8. Claims 3, 4, 13 and 14 are rejected under 35 U.S.C. 112(b) or 35 U.S.C. 112 (pre-AIA ), second paragraph, as being indefinite for failing to particularly point out and distinctly claim the subject matter which the inventor or a joint inventor (or for applications subject to pre-AIA  35 U.S.C. 112, the applicant), regards as the invention.	
	Claims 3 and 13 recite “partial or complete sequences of fusion genes as a result of translocation, inversion, and deletion”.  This is ambiguous because it is unclear if each fusion gene must result from all three events or if each fusion gene could result from one or more of the events. Claims 4 and 14 are rejected by virtue of dependence on claims 3 and 13. Two possible solutions include replacing “and” with “or” or replacing “as a result of” with “arising from mechanisms including.” Using the broadest reasonable interpretation,  for purposes of examination, this will be interpreted to mean partial or complete sequences of fusion genes that are formed as a result of one or more of the events happening, rather than restricting to fusion genes arising from all of the events happening together. Therefore, claims 3, 4, 13 and 14 are rejected under 35 U.S.C. 112(b).

Claim Rejections - 35 USC § 101
35 U.S.C. 101 reads as follows:
Whoever invents or discovers any new and useful process, machine, manufacture, or composition of matter, or any new and useful improvement thereof, may obtain a patent therefor, subject to the conditions and requirements of this title.


9. Claims 1-20 are rejected under 35 U.S.C. 101 because the claimed invention is directed to an abstract idea without significantly more.
In accordance with MPEP § 2106, claims found to recite statutory subject matter ( Step 1 : YES) are then analyzed to determine if the claims recite any concepts that equate to an abstract idea, law of nature or natural phenomenon (Step 2A, Prong 1). In the instant application, the claims recite the following limitations that equate to an abstract idea:
Independent claims 1 and 11 recite:
Converting value characters in two strings to one hot encoding and converting unknown characters in the strings to zero (i.e. converting a string of text values (A, G, C, T and N) to numerical values (0s and 1s) using a code (e.g.
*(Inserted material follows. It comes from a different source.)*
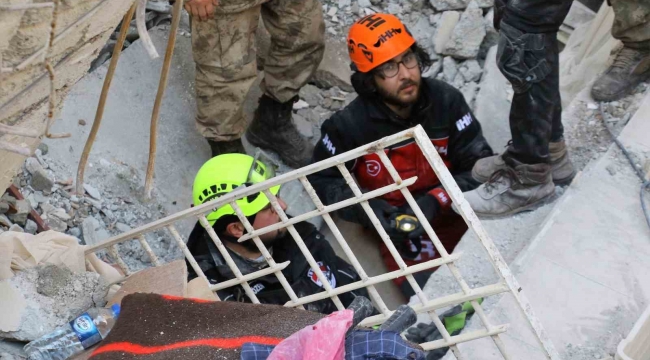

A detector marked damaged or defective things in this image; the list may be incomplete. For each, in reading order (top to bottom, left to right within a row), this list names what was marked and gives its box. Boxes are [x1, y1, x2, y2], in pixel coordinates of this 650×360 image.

A = 0001, G = 0010, C = 0100, G = 1000, N = 0000)) (lines 10 and 12)
Comparing two strings of numerical values (including 0s and 1s) to identify differences at each position and recording the results (i.e., if the two values are the same, record a 0 and if they are different, record a 1) (lines 14 and 16)
Counting the number of 1s in the above result and multiplying by two (lines 16 and 18)
Adjusting the resulting number from above based on the number of Ns in the original text strings to obtain a result (lines 18 and 20) (e.g. adding the number of Ns in the text string)
Dependent claims 4 and 14 recite:
Aligning multiple strings of text values by matching like values (i.e. lining up multiple matching text strings one on top of the other in a position based in their similarity)
Dependent claims 6 and 16 recite:
Counting the number of Ns in a string of letters that includes A, G, C, T and N
adding the number of Ns (as determined above) to another number 
Dependent claims 7 and 17 recite:
Counting the number of Ns in each of two string of letters that include A, G, C, T and N
Comparing two strings and at each position, counting how many times both strings have an N (i.e. matched Ns)
Adding the number of Ns and the number of matched Ns counted above to another number obtained previously
Dependent claims 8 and 18 recite:
Converting two text strings into numerical strings (by assigning a 0 to letters A, G, C or T (masking) and assigning a 1 to the letter N)
Comparing the two string to find matching values at each position and recording the results. (At any given position, if it is true that both strings have a 1, then a value of 1 is recorded, if it is false, a 0 is recorded).
Counting the number 1s in the above result 
Dependent claims 10 and 20 recite:
Grouping two or more strings of characters (each comprising the letters A, G, C, T and N) based on a metric (e.g. similarity)
The limitations listed below, further limit the abstract idea, but do not Change the nature of the abstract idea.
Dependent claims 5 and 15 recite: 
The value representing the Hamming distance is four times the Hamming distance  
Under the broadest reasonable interpretation, these limitations include not more than observations, evaluations, judgments and opinion that are considered mental processes because they are concepts that can be practically performed in the human mind, or by a human using a pen and paper (see MPEP § 2106.04(a)(2), subsection III).Therefore, these limitations fall under the “Mental process” grouping of abstract ideas. While claims 1 and 11 recite performing some aspects of the analysis with either a “computer” or a “processor of a computing device”, there are no additional limitations that indicate that this computer or processor requires anything other than carrying out the recited mental processes in a generic computer environment. Merely reciting that a mental process is being performed in a generic computer environment does not preclude the steps from being performed practically in the human mind or with pen and paper as claimed. If a claim limitation, under its broadest reasonable interpretation, covers performance of the limitation in the mind but for the recitation of generic computer components, then if falls within the “Mental processes” grouping of abstract ideas (see MPEP § 2106.04(a)(2), subsection IIIC). 
Limitations directed to counting, adding or multiplying including counting the number of 1s and adjusting a resulting number based on the number of Ns in claims 1 and 11, counting and adding the number of Ns in claims 6 and 16, counting the number of Ns and matched Ns and adding them together in claims 7 and 17, and counting the number of 1s in claims 8 and 18, also fall into the category of mathematical concepts because they are mathematical calculations (see MPEP § 2106.04(a)(2), subsection I).
As such, claims 1, 4, 6-8, 10, 11, 14, 16-18 and 20 recite an abstract idea that falls into the mental process and mathematical concepts groupings ( Step 2A, Prong 1 : YES).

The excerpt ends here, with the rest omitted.